Gravitational wave detectors work by bouncing lasers between mirrors suspended at each end of long pipes often arranged in an L-shape.

The gravitational waves - faint ripples in spacetime caused by enormous astronomical events like the collision of black holes - pass through the detectors creating miniscule variations in the distance between the mirrors measured by the lasers.

Analysis of the data captured during this process can reveal a wealth of information about their origins in space.

Significantly more ambitious in their design than previous detectors, those used on CE and ET are expected to detect signals from the very edge of the universe.

Astronomers say this will enable them to study regions of the Universe that electromagnetic observations cannot explore and potentially uncover cosmic history dating back to before the birth of the first stars.

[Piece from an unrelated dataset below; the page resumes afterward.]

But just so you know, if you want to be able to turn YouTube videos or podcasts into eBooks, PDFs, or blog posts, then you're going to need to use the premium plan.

Professor Mark Hannam, Deputy Head of the Gravity Exploration Institute at Cardiff University’s School of Physics and Astronomy, added: "To make these discoveries we also need a huge increase in our theoretical understanding of the signals. One of the things we need to do now is work out where the most exciting discoveries might lie, and what we need to calculate so we can make them."

The next generation detectors will bounce lasers between suspended mirrors free of external vibration and placed up to 40km apart - over 10 times the distance travelled in current detectors.

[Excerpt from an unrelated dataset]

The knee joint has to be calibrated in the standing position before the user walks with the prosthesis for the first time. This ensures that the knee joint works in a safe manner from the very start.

The mirrors will also be bigger and heavier as they double in diameter to around 60cm.

The expanded reach of the detectors will help cast new light on how black holes were formed in the earliest epochs of time, how matter behaves in neutron stars, and pick up gravitational waves which current observatories are unable to detect.

Dr Keiko Kokeyama, a Lecturer at Cardiff University’s School of Physics and Astronomy, said: "To upgrade the detectors’ sensitivity, radically new technological solutions across all detector subsystems will be required. We will develop new types of optics that can optimise detector output for target sensitivity."

Cardiff scientists, funded by the Science and Technology Facilities Council, have been involved in gravitational wave research for several decades.

They contributed to the design, mirror suspension technology and data analysis which underpins the current generation of gravitational wave observatories - LIGO in the United States, Virgo in Italy, and KAGRA in Japan.

The LIGO observatory made the historic first detection of gravitational waves in 2015, opening up an entirely new field of astronomy which ’listens’ for vibrations in spacetime instead of looking for information from across the electromagnetic spectrum.

Since 2015, gravitational wave detectors have made spectacular discoveries - including of signals from more than 100 pairs of colliding black holes.

The newly funded UK consortium is led by the University of Glasgow with support from Cardiff University and the universities of Birmingham, Portsmouth, Southampton, Strathclyde and the West of Scotland.